## TASK TO COMPLETE
Reproduce the entries. Match every word.

EXTRACTED INFORMATION Block Start

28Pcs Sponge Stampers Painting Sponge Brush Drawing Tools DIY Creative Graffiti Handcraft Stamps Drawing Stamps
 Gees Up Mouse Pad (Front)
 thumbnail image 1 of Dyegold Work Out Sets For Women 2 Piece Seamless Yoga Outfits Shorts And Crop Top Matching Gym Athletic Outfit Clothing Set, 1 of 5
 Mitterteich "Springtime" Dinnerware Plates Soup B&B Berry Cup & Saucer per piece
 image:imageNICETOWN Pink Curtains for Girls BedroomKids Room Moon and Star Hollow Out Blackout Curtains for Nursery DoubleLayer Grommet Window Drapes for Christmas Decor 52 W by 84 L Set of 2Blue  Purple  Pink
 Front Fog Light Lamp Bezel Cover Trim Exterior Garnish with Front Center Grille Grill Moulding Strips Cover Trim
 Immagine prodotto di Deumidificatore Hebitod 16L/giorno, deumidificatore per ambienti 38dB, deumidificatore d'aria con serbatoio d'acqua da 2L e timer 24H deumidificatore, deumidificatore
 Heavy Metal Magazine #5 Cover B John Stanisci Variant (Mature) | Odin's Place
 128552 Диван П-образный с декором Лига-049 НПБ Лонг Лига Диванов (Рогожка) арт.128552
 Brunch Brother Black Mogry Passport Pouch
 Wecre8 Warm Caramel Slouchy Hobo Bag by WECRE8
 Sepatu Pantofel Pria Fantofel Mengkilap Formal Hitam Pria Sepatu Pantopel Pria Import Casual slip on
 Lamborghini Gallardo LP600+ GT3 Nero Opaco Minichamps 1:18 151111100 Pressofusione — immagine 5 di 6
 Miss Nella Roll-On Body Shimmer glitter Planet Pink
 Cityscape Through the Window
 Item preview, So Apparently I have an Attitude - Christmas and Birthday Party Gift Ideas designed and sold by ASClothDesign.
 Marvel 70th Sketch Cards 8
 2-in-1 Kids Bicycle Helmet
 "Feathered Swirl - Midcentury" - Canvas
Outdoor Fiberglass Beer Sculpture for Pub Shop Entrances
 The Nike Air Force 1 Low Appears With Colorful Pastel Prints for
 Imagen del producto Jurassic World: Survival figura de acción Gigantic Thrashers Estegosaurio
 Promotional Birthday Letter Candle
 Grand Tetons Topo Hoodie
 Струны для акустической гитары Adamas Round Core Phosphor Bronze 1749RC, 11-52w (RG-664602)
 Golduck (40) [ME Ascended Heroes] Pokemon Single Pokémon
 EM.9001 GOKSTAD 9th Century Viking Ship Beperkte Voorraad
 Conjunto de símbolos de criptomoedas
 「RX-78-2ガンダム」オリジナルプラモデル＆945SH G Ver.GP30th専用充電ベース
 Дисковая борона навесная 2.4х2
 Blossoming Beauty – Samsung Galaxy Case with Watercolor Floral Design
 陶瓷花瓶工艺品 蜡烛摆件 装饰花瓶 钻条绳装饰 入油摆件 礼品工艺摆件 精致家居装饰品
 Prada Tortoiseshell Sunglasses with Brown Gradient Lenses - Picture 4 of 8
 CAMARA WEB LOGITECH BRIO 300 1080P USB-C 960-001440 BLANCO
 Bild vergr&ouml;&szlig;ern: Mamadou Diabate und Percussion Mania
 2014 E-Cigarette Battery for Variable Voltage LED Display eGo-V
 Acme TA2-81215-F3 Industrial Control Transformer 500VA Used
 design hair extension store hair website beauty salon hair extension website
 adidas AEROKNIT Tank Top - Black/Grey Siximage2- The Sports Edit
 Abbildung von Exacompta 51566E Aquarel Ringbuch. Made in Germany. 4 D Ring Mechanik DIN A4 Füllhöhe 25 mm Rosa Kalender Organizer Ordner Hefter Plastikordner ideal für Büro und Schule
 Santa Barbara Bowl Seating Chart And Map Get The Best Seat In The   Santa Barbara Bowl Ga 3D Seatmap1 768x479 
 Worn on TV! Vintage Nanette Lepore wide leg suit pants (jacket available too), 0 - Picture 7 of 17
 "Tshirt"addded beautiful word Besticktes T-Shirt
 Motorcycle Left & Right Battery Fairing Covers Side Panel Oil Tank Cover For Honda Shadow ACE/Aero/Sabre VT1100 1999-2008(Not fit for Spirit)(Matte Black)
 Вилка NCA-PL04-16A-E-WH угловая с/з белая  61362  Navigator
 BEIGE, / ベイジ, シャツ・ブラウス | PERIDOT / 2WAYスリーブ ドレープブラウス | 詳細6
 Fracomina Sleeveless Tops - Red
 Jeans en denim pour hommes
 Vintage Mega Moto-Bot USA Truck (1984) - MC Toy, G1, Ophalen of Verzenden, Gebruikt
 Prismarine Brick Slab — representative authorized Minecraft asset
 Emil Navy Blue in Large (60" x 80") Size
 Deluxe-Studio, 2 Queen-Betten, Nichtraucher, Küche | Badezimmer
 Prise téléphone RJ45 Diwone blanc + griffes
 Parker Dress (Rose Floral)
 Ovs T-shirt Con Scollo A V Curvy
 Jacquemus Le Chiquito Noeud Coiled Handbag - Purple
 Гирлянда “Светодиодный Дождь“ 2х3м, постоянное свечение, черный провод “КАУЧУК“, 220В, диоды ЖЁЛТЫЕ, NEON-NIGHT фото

EXTRACTED INFORMATION Block End

## PROBLEM SOLUTION
28Pcs Sponge Stampers Painting Sponge Brush Drawing Tools DIY Creative Graffiti Handcraft Stamps Drawing Stamps
 Gees Up Mouse Pad (Front)
 thumbnail image 1 of Dyegold Work Out Sets For Women 2 Piece Seamless Yoga Outfits Shorts And Crop Top Matching Gym Athletic Outfit Clothing Set, 1 of 5
 Mitterteich "Springtime" Dinnerware Plates Soup B&B Berry Cup & Saucer per piece
 image:imageNICETOWN Pink Curtains for Girls BedroomKids Room Moon and Star Hollow Out Blackout Curtains for Nursery DoubleLayer Grommet Window Drapes for Christmas Decor 52 W by 84 L Set of 2Blue  Purple  Pink
 Front Fog Light Lamp Bezel Cover Trim Exterior Garnish with Front Center Grille Grill Moulding Strips Cover Trim
 Immagine prodotto di Deumidificatore Hebitod 16L/giorno, deumidificatore per ambienti 38dB, deumidificatore d'aria con serbatoio d'acqua da 2L e timer 24H deumidificatore, deumidificatore
 Heavy Metal Magazine #5 Cover B John Stanisci Variant (Mature) | Odin's Place
 128552 Диван П-образный с декором Лига-049 НПБ Лонг Лига Диванов (Рогожка) арт.128552
 Brunch Brother Black Mogry Passport Pouch
 Wecre8 Warm Caramel Slouchy Hobo Bag by WECRE8
 Sepatu Pantofel Pria Fantofel Mengkilap Formal Hitam Pria Sepatu Pantopel Pria Import Casual slip on
 Lamborghini Gallardo LP600+ GT3 Nero Opaco Minichamps 1:18 151111100 Pressofusione — immagine 5 di 6
 Miss Nella Roll-On Body Shimmer glitter Planet Pink
 Cityscape Through the Window
 Item preview, So Apparently I have an Attitude - Christmas and Birthday Party Gift Ideas designed and sold by ASClothDesign.
 Marvel 70th Sketch Cards 8
 2-in-1 Kids Bicycle Helmet
 "Feathered Swirl - Midcentury" - Canvas
Outdoor Fiberglass Beer Sculpture for Pub Shop Entrances
 The Nike Air Force 1 Low Appears With Colorful Pastel Prints for
 Imagen del producto Jurassic World: Survival figura de acción Gigantic Thrashers Estegosaurio
 Promotional Birthday Letter Candle
 Grand Tetons Topo Hoodie
 Струны для акустической гитары Adamas Round Core Phosphor Bronze 1749RC, 11-52w (RG-664602)
 Golduck (40) [ME Ascended Heroes] Pokemon Single Pokémon
 EM.9001 GOKSTAD 9th Century Viking Ship Beperkte Voorraad
 Conjunto de símbolos de criptomoedas
 「RX-78-2ガンダム」オリジナルプラモデル＆945SH G Ver.GP30th専用充電ベース
 Дисковая борона навесная 2.4х2
 Blossoming Beauty – Samsung Galaxy Case with Watercolor Floral Design
 陶瓷花瓶工艺品 蜡烛摆件 装饰花瓶 钻条绳装饰 入油摆件 礼品工艺摆件 精致家居装饰品
 Prada Tortoiseshell Sunglasses with Brown Gradient Lenses - Picture 4 of 8
 CAMARA WEB LOGITECH BRIO 300 1080P USB-C 960-001440 BLANCO
 Bild vergr&ouml;&szlig;ern: Mamadou Diabate und Percussion Mania
 2014 E-Cigarette Battery for Variable Voltage LED Display eGo-V
 Acme TA2-81215-F3 Industrial Control Transformer 500VA Used
 design hair extension store hair website beauty salon hair extension website
 adidas AEROKNIT Tank Top - Black/Grey Siximage2- The Sports Edit
 Abbildung von Exacompta 51566E Aquarel Ringbuch. Made in Germany. 4 D Ring Mechanik DIN A4 Füllhöhe 25 mm Rosa Kalender Organizer Ordner Hefter Plastikordner ideal für Büro und Schule
 Santa Barbara Bowl Seating Chart And Map Get The Best Seat In The   Santa Barbara Bowl Ga 3D Seatmap1 768x479 
 Worn on TV! Vintage Nanette Lepore wide leg suit pants (jacket available too), 0 - Picture 7 of 17
 "Tshirt"addded beautiful word Besticktes T-Shirt
 Motorcycle Left & Right Battery Fairing Covers Side Panel Oil Tank Cover For Honda Shadow ACE/Aero/Sabre VT1100 1999-2008(Not fit for Spirit)(Matte Black)
 Вилка NCA-PL04-16A-E-WH угловая с/з белая  61362  Navigator
 BEIGE, / ベイジ, シャツ・ブラウス | PERIDOT / 2WAYスリーブ ドレープブラウス | 詳細6
 Fracomina Sleeveless Tops - Red
 Jeans en denim pour hommes
 Vintage Mega Moto-Bot USA Truck (1984) - MC Toy, G1, Ophalen of Verzenden, Gebruikt
 Prismarine Brick Slab — representative authorized Minecraft asset
 Emil Navy Blue in Large (60" x 80") Size
 Deluxe-Studio, 2 Queen-Betten, Nichtraucher, Küche | Badezimmer
 Prise téléphone RJ45 Diwone blanc + griffes
 Parker Dress (Rose Floral)
 Ovs T-shirt Con Scollo A V Curvy
 Jacquemus Le Chiquito Noeud Coiled Handbag - Purple
 Гирлянда “Светодиодный Дождь“ 2х3м, постоянное свечение, черный провод “КАУЧУК“, 220В, диоды ЖЁЛТЫЕ, NEON-NIGHT фото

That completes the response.